After a failure to reach orbit last year and several delays, Rocket Lab has successfully launched an Electron rocket into orbit:

Rocket Lab has returned to action with the second launch of its Electron rocket from the Māhia Peninsula from the North Island of New Zealand's eastern coast. Several attempts to launch at the end of last year were scrubbed before regrouping for a new attempt – which was also scrubbed, due to a wayward boat, a technical issue and then the weather – before finally launching at 01:43 UTC on Sunday and appears to have been a success.

Much like Vector Space – which is currently in small-scale suborbital testing with aims to enter the launch market next year – Rocket Lab caters to much the same market, offering small satellite users a dedicated launch system to eliminate ride-sharing requirements on the larger, more established launchers.
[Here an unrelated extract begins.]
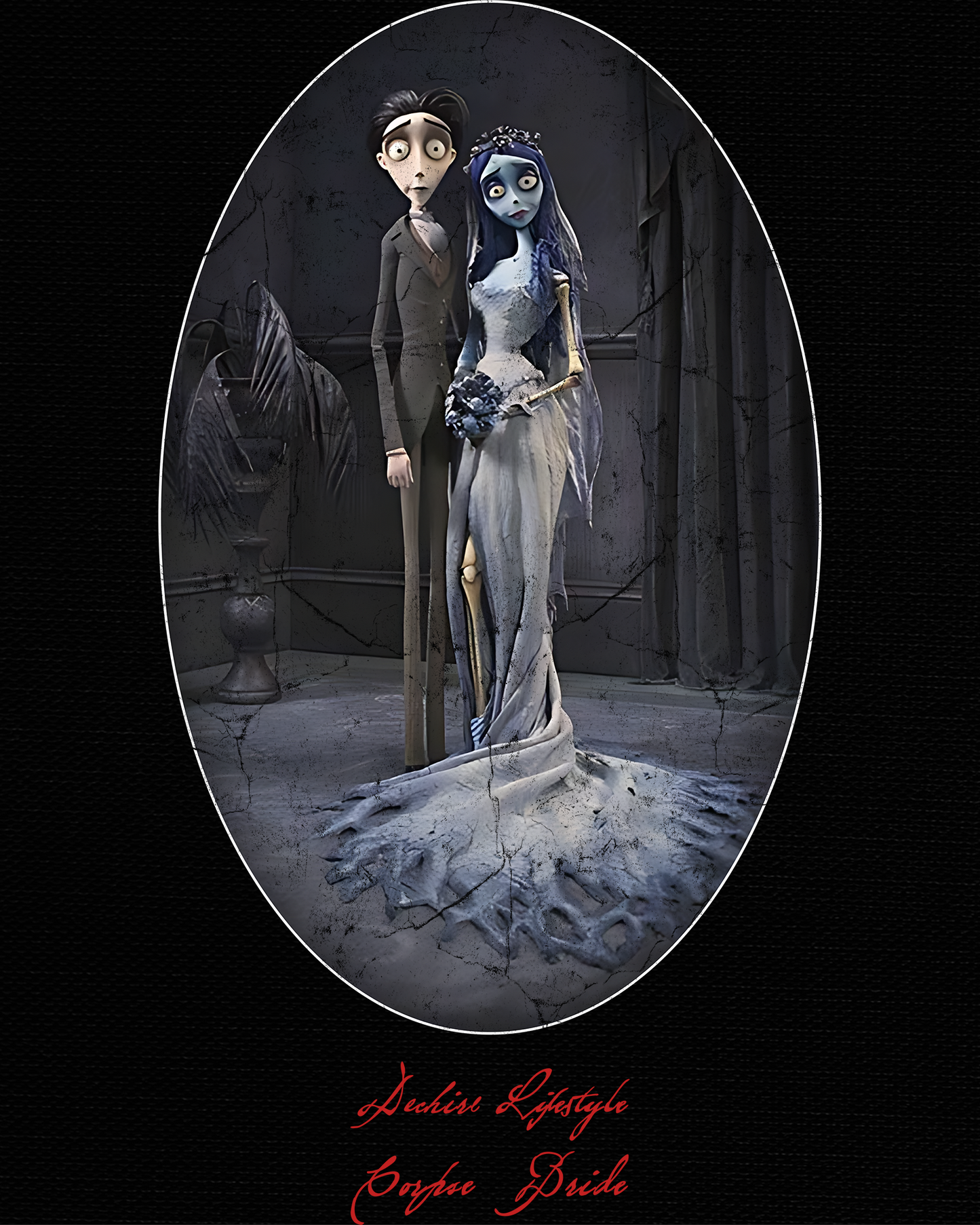 LIFT YOUR SORROWS 'LIMITED' OVERSIZED TEE IN BLACK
According to the company's website, Rocket Lab lists its launch services with Electron as costing $4.9 million (USD) per flight.

Three cubesats were deployed.

Rocket Lab has two more upcoming launches planned for Q1 2018, including a lunar lander for Moon Express. The Electron rocket will deliver the Moon Express payload into low-Earth orbit, where the lander will use its own thrusters to get to the Moon:

Once in low-Earth orbit, the MX-1E will need to complete a translunar injection (TLI) burn, cruise through space, conduct a breaking[sic] burn to enter lunar orbit, and finally complete descent and landing burns—all by itself. It would be an unprecedented accomplishment, a single-stage spacecraft that can make it all the way to the surface of the moon from low-Earth orbit.

How will a cheap disposable rocket fare against reusable rockets?

Also at Wired.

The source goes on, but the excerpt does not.